Indexing XML, XML ids and a better GetElementByID method on the XmlDocument class

One question that I get is “How can you index an XML document? If you had indexes, all your lookups would be many times faster rather than having to walk the entire XML document?” The XML 1.0 specification has no ability to index a document based upon unique node identity and hence when you do searches with XPath, it searches from the start of the document in a top down, left traversal manner to find the matching nodes. XSLT does come to the rescue with the xsl:key keyword which allows you to create name value pairs that can be used as a lookup in a stylesheet. However often you simply want to find the value in a document without having to resort to XSLT, the universal cure for all XML problems.

You then discover the GetElementById method that seems to do exactly what you want - jump to a location in a document based upon an id value. Unfortunately this all horribly breaks down as you need to define a DTD or an XML schema to indicate which attributes are of type id, which provides more pain than it is worth. What you really want is just to have values in your document that you know are ids. This is a very application specific requirement. There has been some discussion recently within the W3C on the subject of the idness of a node based upon a set of xml:id requirements that were published in August 2003. This is somewhat useful, although it is really only interesting to use this in the context of a query language that works over in-memory documents, such as via the XPath id() function. It will be interesting to see whether there is any demand for a standard definition of an id value on a node in the absence of a schema to indicate this. My feeling is that like newly recommended XML 1.1 this will take a long time, if ever, to be adopted within parsers and by users and you are best of simply creating your own solution.

So how can you do this?
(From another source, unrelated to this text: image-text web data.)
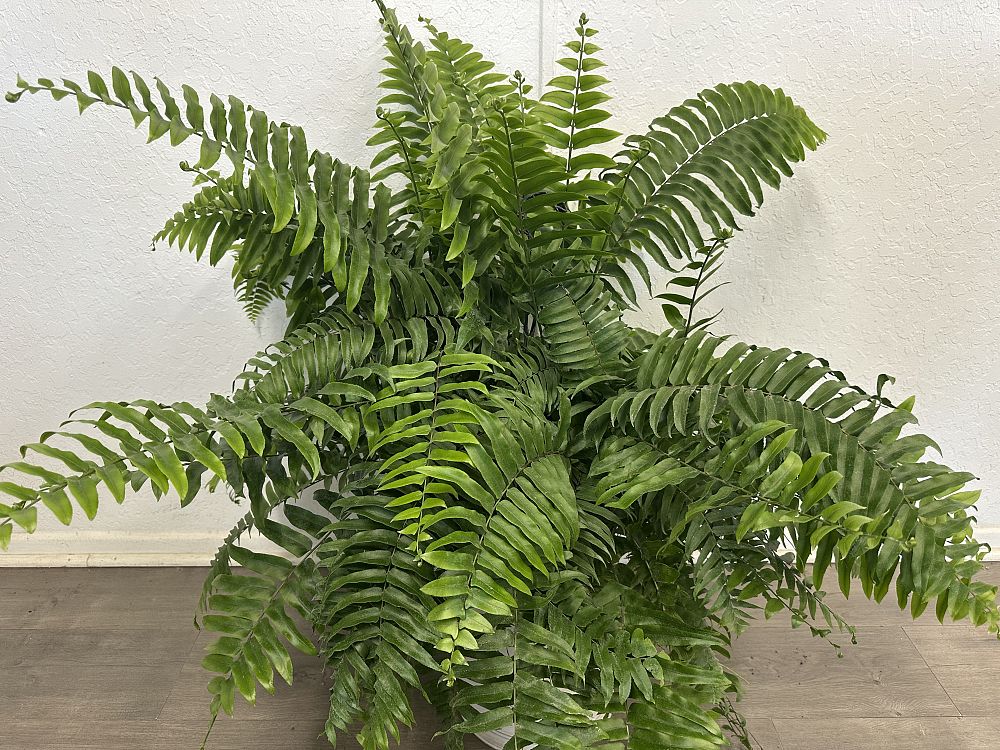 nephrolepis-biserrata-macho-giant-sword-fern-macho-fern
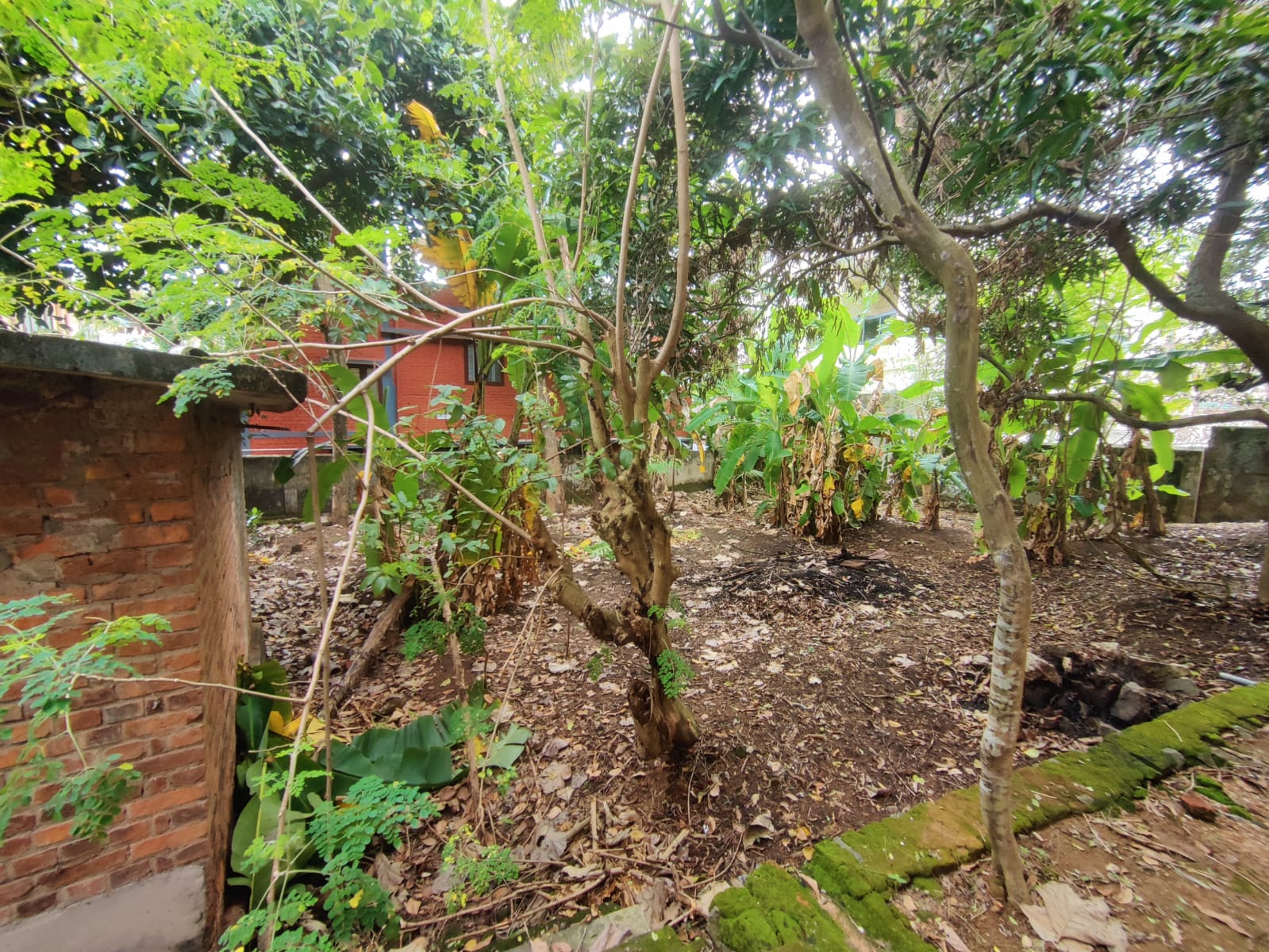 30 Cents residential land for Sale at DPI Jn
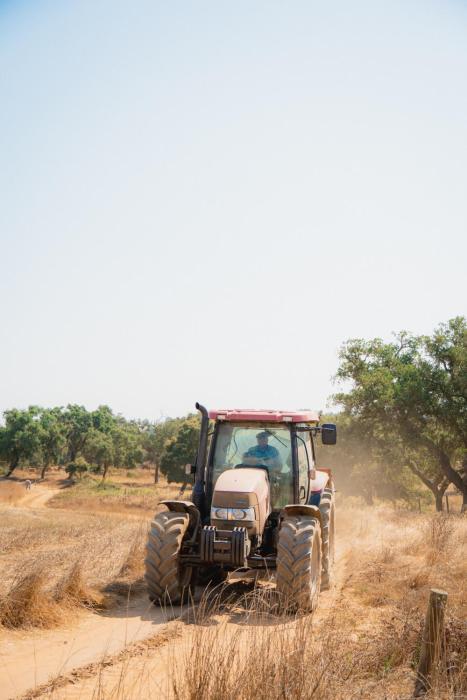 herdade do carregoucal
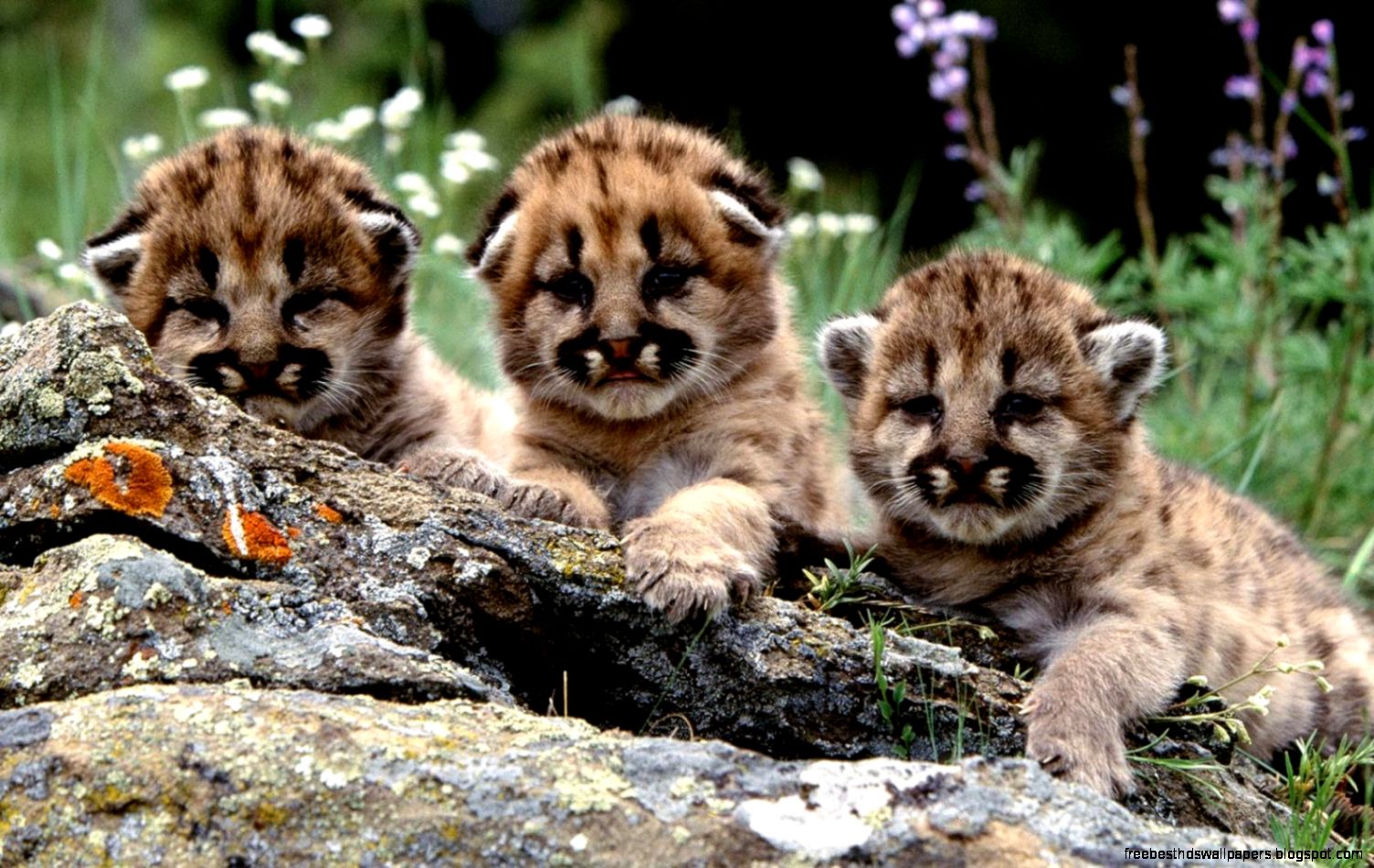 Mountain Lion Cubs Mountain Lion Cubs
If you need index like lookup today it is simple to implement on the XmlDocument class in .NET. Given this exmaple XML document, called “demo.xml” with id attributes defined on “child” named element nodes;

<?xml version="1.0" ?>

<root xmlns="urn:webdata">

      <child id="1">text1</child>

      <child id="2">text2</child>

      <child id="3">text3</child>

      <child id="4">text4</child>

</root>

First derived your own specific CustomDocument type with a Hashtable lookup, register for the NodeInserted event handler and then at Load() time build up the Hashtable of id values with the cooresponding “parent“ element. The GetElementByIdAttribute() method on your CustomDocument class then uses the id string to index the cooresponding XmlElement value and return them. Instant indexes on your XML document.

using System;

using System.Xml;

using System.IO;

using System.Collections;

namespace XmlDocumentGetElementById

{

      public class CustomDocument : XmlDocument

 {

        Hashtable idContainer;

        string idAttributeName;

        string elementName;

   

        public CustomDocument( string elementName, string idAttributeName ) : base()

        {

            this.elementName = elementName;

            this.idAttributeName = idAttributeName;

            this.idContainer = new Hashtable();

            this.NodeInserted += new XmlNodeChangedEventHandler( NodeInsertedHandler );

        }

        public void NodeInsertedHandler( object sender, XmlNodeChangedEventArgs args )

        {

            if( args.Node.NodeType == XmlNodeType.Attribute

                && args.NewParent.Name == elementName

                && args.Node.Name == idAttributeName

       ) {

                string id = args.Node.Value;

                if( idContainer[id] == null ) {

                    idContainer[id] = args.NewParent;

                }

                else {

                    throw new Exception( "Id already present" );

                }

            }

        }

        public XmlElement GetElementByIdAttribute( string id )

        {

            return (XmlElement)idContainer[id];

        }

    }

}

Using this CustomDocument becomes very easy. Create one, provide the name of the element that you want to index (here called “child”) and the attribute name that acts as the index key (here called “id“) and then simply call the GetElementByIdAttribute() method to return the index value. No DTD or XML schema necessary.

 

static void Main(string[] args)

{

CustomDocument td = new CustomDocument("child", "id");

td.PreserveWhitespace = true;

td.Load("demo.xml");

Console.WriteLine("Outputting Information using the ID attribute information. ");

Console.WriteLine();

int temp = 1;

while (temp < 5)

{

XmlElement ele = td.GetElementByIdAttribute(temp.ToString());

OutputNode(ele);

temp++;

}

}

static void OutputNode ( XmlNode node)

{

if( node == null )

{

return;

}

if( node.NodeType == XmlNodeType.Document ) {

return;

}

Console.Write("Name: {0,-20}",node.Name);

Console.Write("NodeType: {0,-10}", node.NodeType);

Console.WriteLine("Value: {0,-10}", node.InnerText);

}

}

As an exercise for the reader, make this more useful by providing a custom XPath function called idkey()that simply wraps this functionality within an XPath query, thereby providing XSLT key() like functionality for your document. See the Adding Custom Functions to XPath Extreme XML article on how to do this.